1        By its appeal, Real Express SRL seeks to have set aside the order of the General Court of the European Union of 21 April 2015 in Real Express v OHIM — MIP Metro (real) (T-580/13, not published, ‘the order under appeal’, EU:T:2015:245), by which that Court dismissed the action brought against the decision of the Fourth Board of Appeal of the European Union Intellectual Property Office (EUIPO) of 16 September 2013 (Case R 1519/2012-4), relating to opposition proceedings between Real Express and MIP Metro Group Intellectual Property GmbH & Co. KG (‘the contested decision’).

 Legal context

2        Under the heading ‘Relative grounds for refusal’, Article 8 of Council Regulation (EC) No 207/2009 of 26 February 2009 on the European Union trade mark (OJ 2009 L 78, p. 1, and corrigenda OJ 2015 L 312, p. 28, and OJ 2016 L 71, p. 322), provides:

‘1.      Upon opposition by the proprietor of an earlier trade mark, the trade mark applied for shall not be registered:

(a)      if it is identical with the earlier trade mark and the goods or services for which registration is applied for are identical with the goods or services for which the earlier trade mark is protected;

(b)      if because of its identity with, or similarity to, the earlier trade mark and the identity or similarity of the goods or services covered by the trade marks there exists a likelihood of confusion on the part of the public in the territory in which the earlier trade mark is protected; the likelihood of confusion includes the likelihood of association with the earlier trade mark.

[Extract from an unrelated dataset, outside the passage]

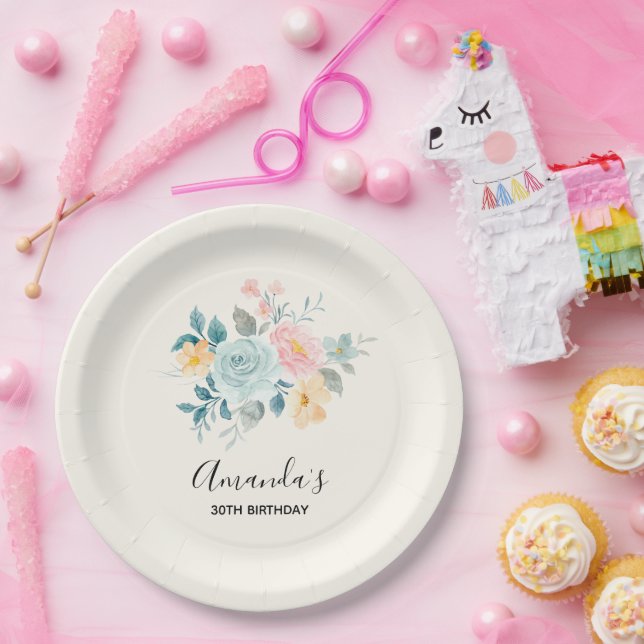 Stylish Pink & Blue Flower Bouquet Birthday Paper Plate (Party)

2.      For the purposes of paragraph 1, “earlier trade marks” means:

(a)      trade marks of the following kinds with a date of application for registration which is earlier than the date of application for registration of the EU trade mark, taking account, where appropriate, of the priorities claimed in respect of those trade marks:

(i)      EU trade marks;

(ii)      trade marks registered in a Member State, or, in the case of Belgium, the Netherlands or Luxembourg, at the Benelux Office for Intellectual Property;

(iii) trade marks registered under international arrangements which have effect in a Member State;

(iv)      trade marks registered under international arrangements which have effect in the Union;

(b)      applications for the trade marks referred to in subparagraph (a), subject to their registration;

(c)      trade marks which, on the date of application for registration of the EU trade mark, or, where appropriate, of the priority claimed in respect of the application for registration of the EU trade mark, are well known in a Member State, in the sense in which the words “well known” are used in Article 6bis of the Paris Convention.

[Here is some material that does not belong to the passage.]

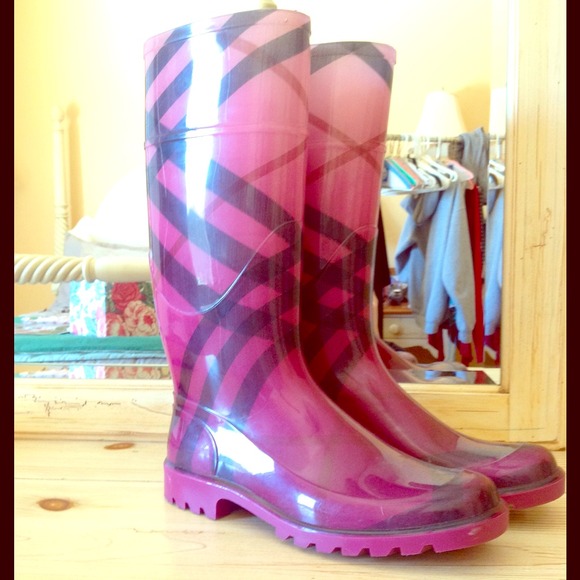 Pink Burberry Rain Boots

3.      Upon opposition by the proprietor of the trade mark, a trade mark shall not be registered where an agent or representative of the proprietor of the trade mark applies for registration thereof in his own name without the proprietor’s consent, unless the agent or representative justifies his action.

4.      Upon opposition by the proprietor of a non-registered trade mark or of another sign used in the course of trade of more than mere local significance, the trade mark applied for shall not be registered where and to the extent that, pursuant to the Union legislation or the law of the Member State governing that sign:

(a)      rights to that sign were acquired prior to the date of application for registration of the EU trade mark, or the date of the priority claimed for the application for registration of the EU trade mark;

(b)      that sign confers on its proprietor the right to prohibit the use of a subsequent trade mark.

5.      Furthermore, upon opposition by the proprietor of an earlier trade mark within the meaning of paragraph 2, the trade mark applied for shall not be registered where it is identical with, or similar to, the earlier trade mark and is to be registered for goods or services which are not similar to those for which the earlier trade mark is registered, where, in the case of an earlier EU trade mark, the trade mark has a reputation in the Union and, in the case of an earlier national trade mark, the trade mark has a reputation in the Member State concerned and where the use without due cause of the trade mark applied for would take unfair advantage of, or be detrimental to, the distinctive character or the repute of the earlier trade mark.’

3        Article 41 of Regulation No 207/2009, entitled ‘Opposition’, provides:

‘1.      Within a period of three months following the publication of an EU trade mark application, notice of opposition to registration of the trade mark may be given on the grounds that it may not be registered under Article 8:

(a)      by the proprietors of earlier trade marks referred to in Article 8(2) as well as licensees authorised by the proprietors of those trade marks, in respect of Article 8(1) and (5);

...

3.      Opposition must be expressed in writing and must specify the grounds on which it is made. It shall not be treated as duly entered until the opposition fee has been paid. Within a period fixed by the Office, the opponent may submit in support of his case facts, evidence and arguments.’

4        Article 63 of that regulation, entitled ‘Examination of appeals’, is worded as follows:

‘1.      If the appeal is admissible, the Board of Appeal shall examine whether the appeal is allowable.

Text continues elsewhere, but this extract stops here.